Why do people assume that time spent in front of the computer is wasted time? I do read books - when we moved we sold or gave away close to a thousand books, and moved nearly twice that (twice now in a year). I buy books, borrow them from the library, trade them, and give them away. I love books. I want to write them, to edit them, to watch them being birthed.
I also read them online, on the computer, and as soon as it is more readily available and cheaper (any time now in Canada), I will probably read them on a handheld device - my iPod, Blackberry, or an e-reader, so I can carry hundreds of titles at once in my bag. Why do so many people roll their eyes and snicker at the idea of words being so 'demeaned'? A couple of years ago, Norwegian TV put out a hilarious spot called Medieval Helpdesk introducing the 'beek'. It illustrates with humour and grace the constant issue of change - how can one keep up, even get ahead, and not lose the core, the essential nature, of what is being changed?
I love books - the smell of old paper, the feel of leather-bound covers. I think the hand-crafted illuminated books of the early Medieval times are some of the purest forms of art known to Western Civilization. Handmade paper, brightly coloured card stock, rich inks and metallic embossing powder: stationary stores fill me with a sensory glee - I can spend hours in even such a utilitarian place as an Office Depot or Staples.

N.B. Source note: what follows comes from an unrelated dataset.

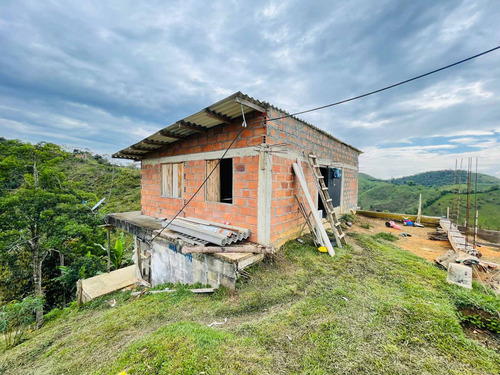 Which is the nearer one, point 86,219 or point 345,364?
point 345,364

But it is words I revere - words and ideas, the challenges, the images, the concepts they force into my head. It is words that I remember, that I will keep with me under any circumstance fate may throw at me. Should everything I own be swept away by tide and time, the words I have read - the way they have changed me - the resonance they have set within me - that cannot change. Even in the worst case - brain damage or disease which steals all the words from my head - the effect of those words on how I have lived my life and affected others cannot die. Painted on parchment, incised in sand, typeset in moveable type, or produced in pixels: words will wind their way through authors to readers to auditors to the world in new and fascinating ways as long as there are people with something to say and someone to say it to. Technology - from quill to stylus - is only the medium; the message will continue on.